自社のニーズにあわせた機能をもつKPI管理ツールを導入しましょう。
既存システムとの連携が可能か
KPI管理ツールを効果的に活用するために、既存のシステムやデータソースと連携できるかどうかも確認しておきましょう。多くの企業では、すでにCRM、ERP、会計ソフトウェアなど、さまざまなシステムを導入・運用しているでしょう。KPI管理ツールがこれらのシステムと円滑に連携できるかどうかは、導入の成否を左右する重要なポイントです。

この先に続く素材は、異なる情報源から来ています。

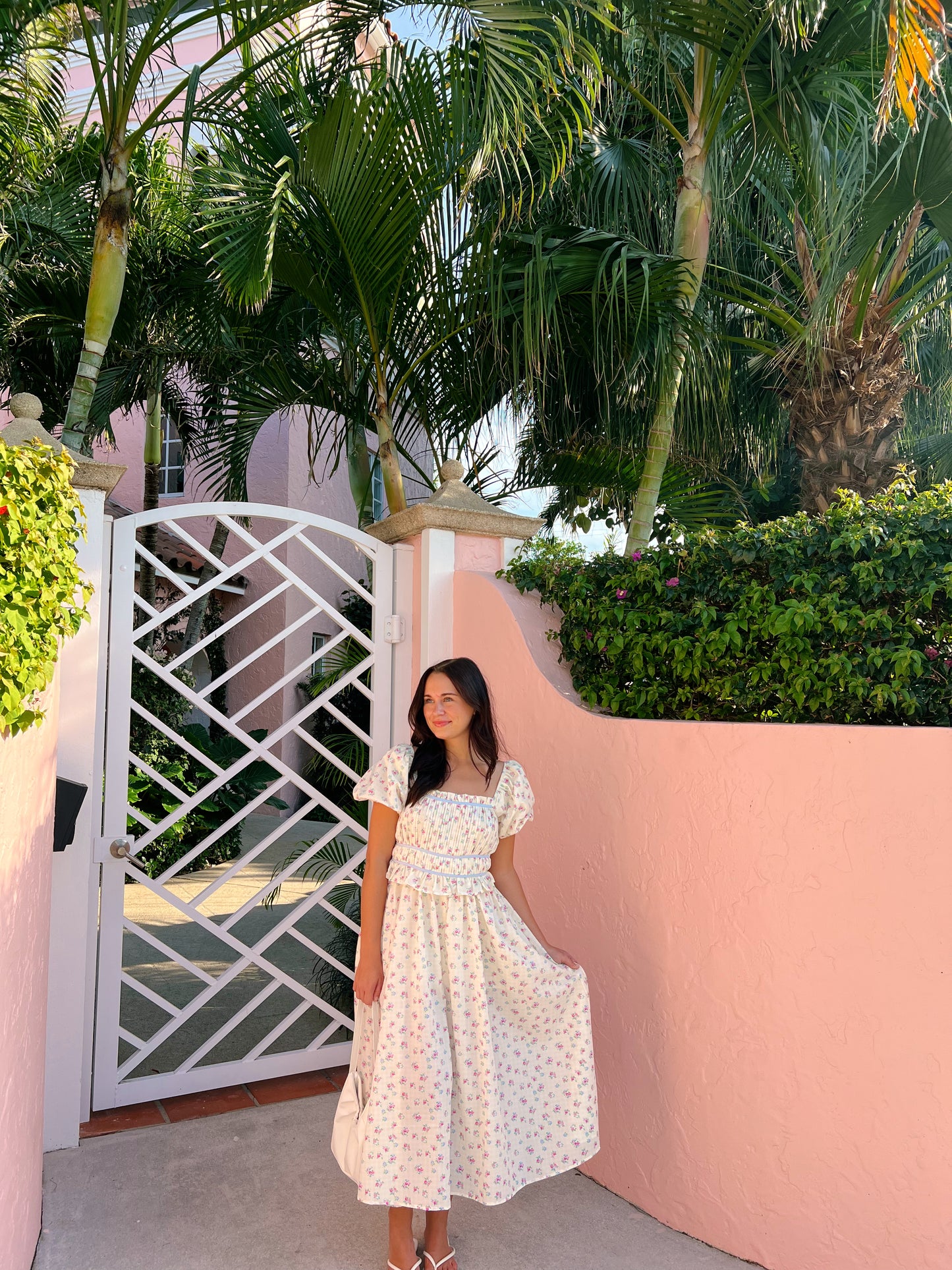 GINGHAM FLORAL SET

もし連携が可能であれば、データの手動入力や転記の手間が大幅に削減され、リアルタイムでの情報更新が実現しやすくなります。また、データの整合性も保たれ、より正確な分析が可能になります。API連携やデータインポート機能、各種クラウドサービスとの連携オプションなどを確認しましょう。
【無料あり】おすすめのKPI管理ツール比較
次に、おすすめのKPI管理ツールを紹介します。それぞれの特徴を把握し、自社にあうツールを選ぶための参考にしてください。
《Sactona》のPOINT
- 費用対効果に優れ、短期間で導入可能!
- エクセルだから誰でも自由にデータ分析ができる!
- 既存の報告書をそのままの形で活用可能!
《Loglass 経営管理》のPOINT
- 予実管理の生産性を改善する 経営企画向けのクラウドシステム
- 表計算ソフトと連携し、事業部横断での予算策定をスムーズに
- 予算・実績・見込を自由に並べてワンクリックで比較
《Tableau Desktop》のPOINT
- スプレッドシートやAWSなどさまざまなソースと接続
- 統計的処理もドラッグアンドドロップで可能
- マッピング機能でデータを地図上に表示
《MotionBoard》のPOINT
- Excelやシステム、DB、IoTなど、さまざまなデータと連携・可視化
- データの可視化だけでなく、ダッシュボードからデータを入力可能
- 国産メーカーならではの充実したサポートで、導入後も安心
Goalous(ゴーラス)
株式会社Colorkrewが提供する「Goalous(ゴーラス)」は、目標や業務を可視化することでエンゲージメントを活性化させるKPI管理ツールです。日々の業務や社内に向けての連絡事項といった情報がSNS形式で投稿・集約され、スムーズな情報共有が実現します。設定した目標の進捗状況はグラフでも確認でき、日々の振り返りにも活用可能です。KPI管理ツールとしてだけでなく、OKR管理ツールとしての役割も担っています。
mieru(ミエル)
アルサーガパートナーズ株式会社が提供する「mieru(ミエル)」は、 KPIを可視化することで、会社業績の向上を目指すKPI管理ツールです。KPI数値の入力、データ集計、推移確認まですべてワンクリックで完了できるのが特徴です。圧倒的な見やすさと使いやすさをセールスポイントにしており、チームメンバー全員がKPIの数値をひと目で確認できます。進捗状況の把握も容易なため、日報作成にかかる手間も削減可能です。
Wistant(ウィスタント)
株式会社フルートが提供する「Wistant(ウィスタント)」は、目標管理、1on1、フィードバックなど、ピープルマネジメントに必要な機能をオールインワンで提供するビジネスツールです。現場のメンバーの使いやすさに配慮したUI/UXが特徴です。リモートワークで直接的なコミュニケーションが減少するなか、1on1を通じてマネジメントの課題を解決したい企業や、人事制度の運用力を向上させたい企業など、さまざまなニーズに対応できます。
まとめ
経営管理を行うために欠かせないKPI設定ですが、ただKPIを設定するだけでは意味がありません。KPI管理ツールを用いてKPIを効率的に追跡し、可視化することで、データドリブンな意思決定ができるようになります。
多くのKPI管理ツールは無料トライアル期間を設けているため、実際に使用感を確かめてから導入を決められます。まずは気になるツールの資料請求をし、トライアル版で自社のニーズにあうか検証することからはじめてみましょう。